#### PROBLEM STATEMENT:
From the line that holds "The Heat🔥 Unstoppable" down to the last line of the listing below, reproduce each line exactly and nothing more, omitting pictures.
** Opening DATA SHOWN block **
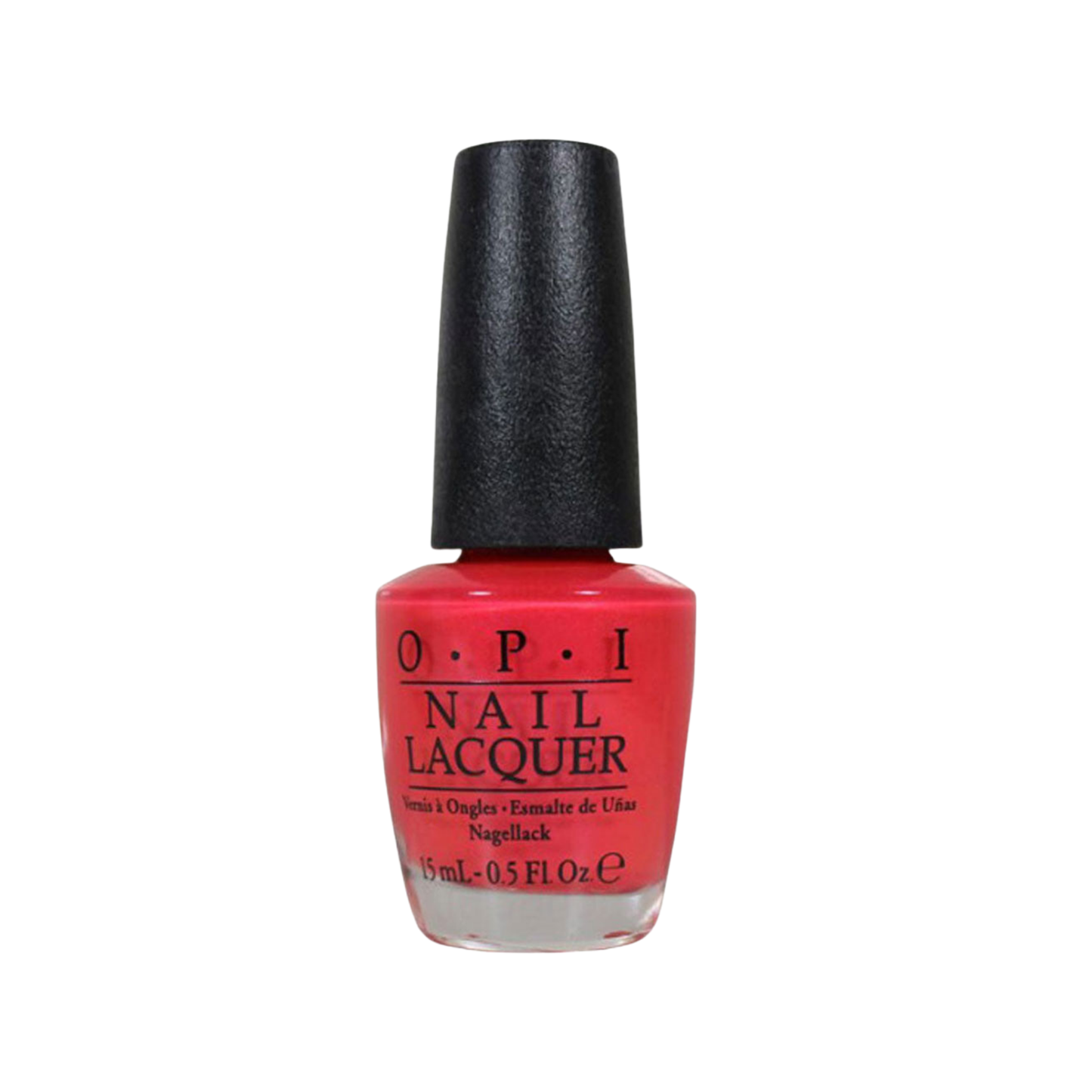 OPI Nail Lacquer Classic Nail Polish 15ml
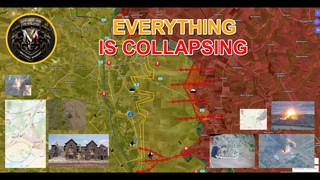 The Heat🔥 Unstoppable Russian Offensive⚔️ Russians 6 Km From Kurakhovo. Military Summary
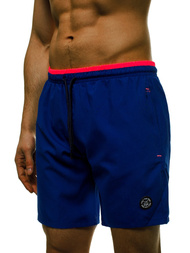 Vīriešu peldbikses tumši zilas OZONEE MAD/4262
** Closing DATA SHOWN block **
#### OUTPUT OF THE EXERCISE:
 The Heat🔥 Unstoppable Russian Offensive⚔️ Russians 6 Km From Kurakhovo. Military Summary
 Vīriešu peldbikses tumši zilas OZONEE MAD/4262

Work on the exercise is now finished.